■ **Exercise instructions**:
Wherever pictures appear in the listing below, leave them out, and copy exactly, and only, everything from the line with "РАДИАТОР КЛИМАТИК PEUGEOT" down to the line with "Fashion Banner With".

■ **Data**:
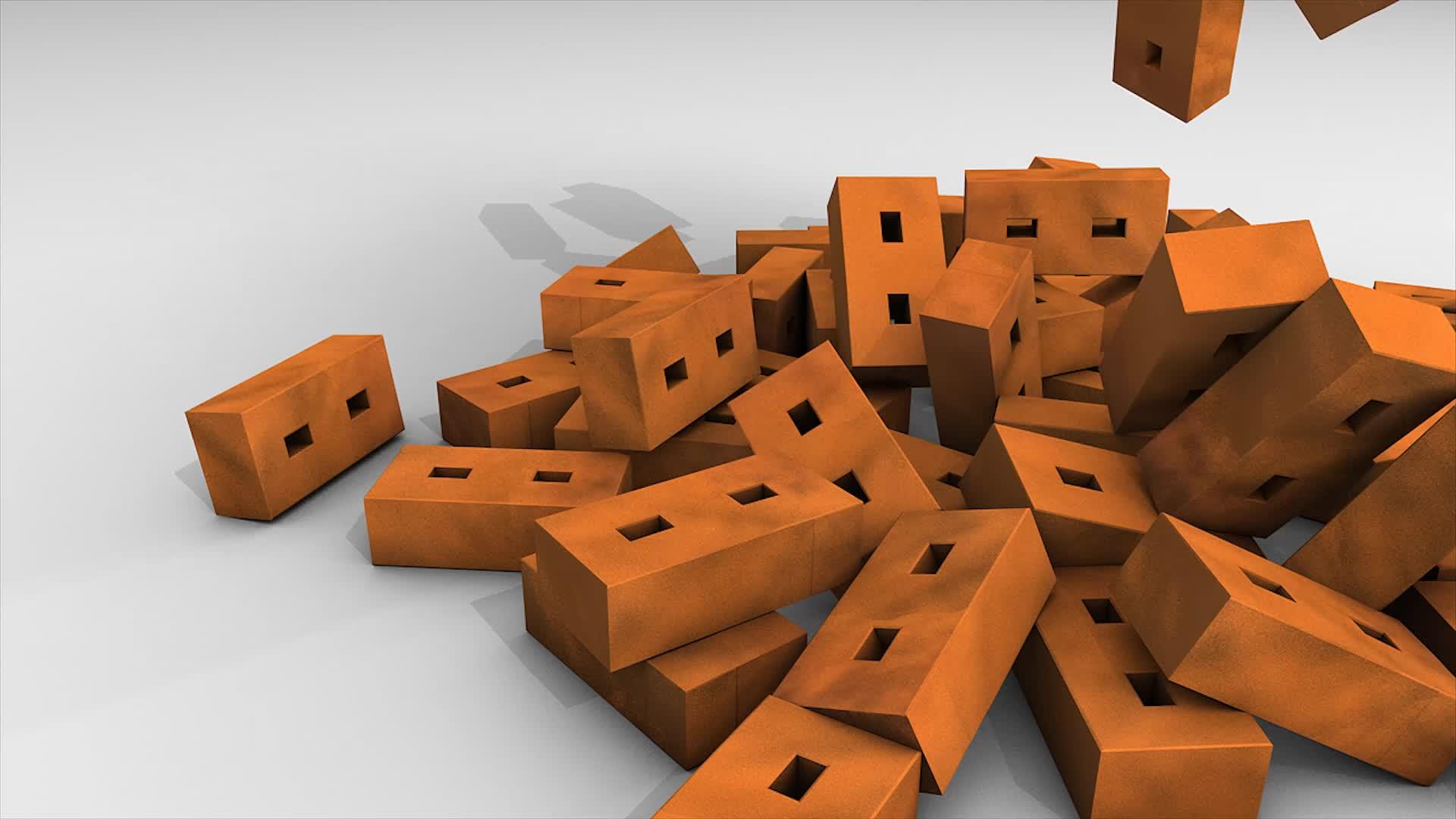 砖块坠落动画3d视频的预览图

...

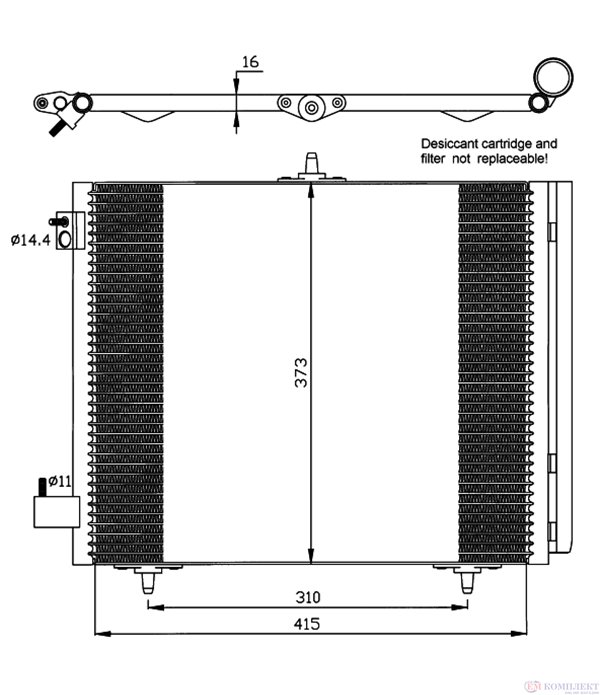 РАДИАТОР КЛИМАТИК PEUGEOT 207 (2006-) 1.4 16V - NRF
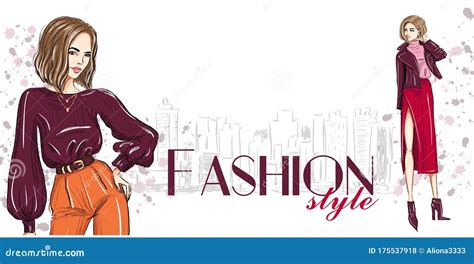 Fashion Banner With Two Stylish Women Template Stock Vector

--

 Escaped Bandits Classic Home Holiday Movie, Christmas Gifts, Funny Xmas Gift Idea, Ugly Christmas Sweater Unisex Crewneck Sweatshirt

■ **Task output**:
 РАДИАТОР КЛИМАТИК PEUGEOT 207 (2006-) 1.4 16V - NRF
 Fashion Banner With Two Stylish Women Template Stock Vector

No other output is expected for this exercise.